As the Torah, Talmud and Ellen raged at each other in my head, I began to think about them in the light of Rabbi Yitz Greenberg’s 3 cycles of Jewish history. The written Torah represents the time of the Temple when holiness was concentrated in one place. There was a more centralization, severity and emphasis on externals (not mention the actual physical work that the priests needed to do). The verse from Leviticus made a certain amount of sense its time and place.
After the destruction, holiness spread in the world, but also became more concealed. Rabbis took over the mantle of leadership, and endeavored to help the people maintain a connection to the Holy. To that end, they needed to bring their commitment to the text into conversation with real people’s lives (as described by R. Greenberg’s student, and my teacher, R. Shai Held). In the process they permitted the integration people with disabilities who were otherwise part of the community.
Now in the third cycle, not only is God distant, the covenant is weakened. It is a time of growing lay responsibility. Although Ellen spoke of her work as an art instructor at a rehabilitation center as the mission for which polio had prepared her, I think she had an additional mission: being visible and present in the public sphere, so that an increasingly large number of people would learn to be comfortable in the presence of people with disabilities. If communities everywhere become accustomed to people with a range of different physical and mental abilities and disabilities, the precedents of R. Huna and R. Yoḥanan will allow everyone to participate in public life.
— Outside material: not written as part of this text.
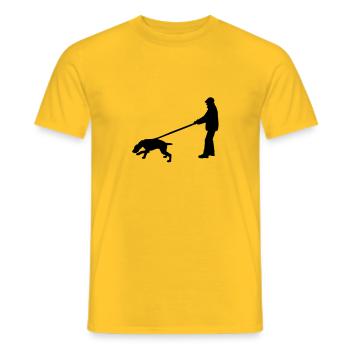 mantrailer_2_cb - Männer T-Shirt - Gelb - Vorne - AI Model Male 178 dark (178cm)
The picture shows the Masorti Movement’s Simḥat Torah flag. Ellen loved this flag. The first time she saw it, and every year thereafter, it brought tears of joy to her eyes. She would point to the woman in a wheelchair carrying a sefer Torah and say, “That's me.” Ellen loved to dance and she loved to learn.
I strive teach a Torah of text, Ellen taught a Torah of life by example, and I learnt much from her. May her memory be a blessing.